Many residents have reported severe anxiety about the most recent downpour, especially given the experience many of them have been through in previous years. Northern Queensland has been hit by a succession of severe floods that illustrate a clear, worsening pattern. The devastating 2019 Townsville floods killed five people and inflicted enormous damage across the region’s grazing and agricultural districts, producing massive livestock losses and causing sharp financial strain on rural communities already squeezed by the cost-of-living crisis.

Early last year, floods again struck many of the same shires, killing two people and displacing hundreds, while towns were isolated by washed‑out roads and bridges and essential services including airports, power and communications were knocked out for days. 

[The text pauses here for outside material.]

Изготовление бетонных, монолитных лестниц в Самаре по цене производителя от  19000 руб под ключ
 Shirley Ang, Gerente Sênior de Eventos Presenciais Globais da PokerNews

It is undeniable that climate change has made such events more likely to occur. While it is not scientifically valid to immediately draw a direct link between this particular extreme weather event and climate change, a substantial body of evidence confirms that global warming has made heavy rainfall events in Australia far more frequent. This is in large part due to the atmosphere being able to hold more water vapour as it warms in temperature.

A clear pattern of repeated, escalating extreme‑weather disasters has emerged across Australia in the past several years. This history includes the 2019 Black Summer bushfires which burned an estimated 18.6 million hectares, destroyed more than 3,000 homes and were linked to the deaths of at least 33 people, as well as the 2019 and 2025 northern Queensland floods, the catastrophic New South Wales floods of early 2022, and Cyclone Alfred in 2025 which left hundreds of thousands of households without power for days and caused severe damage to low‑lying working‑class suburbs.

More extreme weather events are expected for Australia and the world as the rise in global temperatures continues unabated. Since taking office in 2022, the Albanese Labor government has approved at least 31 new coal, oil and gas developments—together representing some 6.5 billion tonnes of CO2‑equivalent emissions over their lifetimes—while fast‑tracking critical‑minerals and other resource projects under recent environmental law changes. These policies directly undermine any credible pathway to limiting warming, locking in further greenhouse gas emissions.

Federal and state governments have overseen a sustained transfer of wealth to the financial elite while imposing austerity and market‑driven policies that leave working people exposed when disaster strikes. Large numbers of households are living paycheque to paycheque. Mortgage and consumer debt ratios have climbed and many families lack any meaningful savings buffer, making them unable to absorb the immediate costs of evacuation, temporary accommodation and replacement of lost goods.

Taken together, these facts demonstrate that under capitalism the social capacity to prevent, prepare for and respond to climate disasters has been systematically eroded by policies that prioritise private profit and elite wealth accumulation over public safety.

The Queensland floods are not an isolated event, but rather an entirely predictable event that society has the resources to properly deal with. Those resources must be taken out of the hands of the capitalist class and used for social need, to ensure that working people are protected from the impacts of extreme weather events and to implement a rapid transition away from fossil fuels to mitigate further climate change. This is only possible through a fight by the international working class for the overthrow of the capitalist profit system and its replacement with socialism.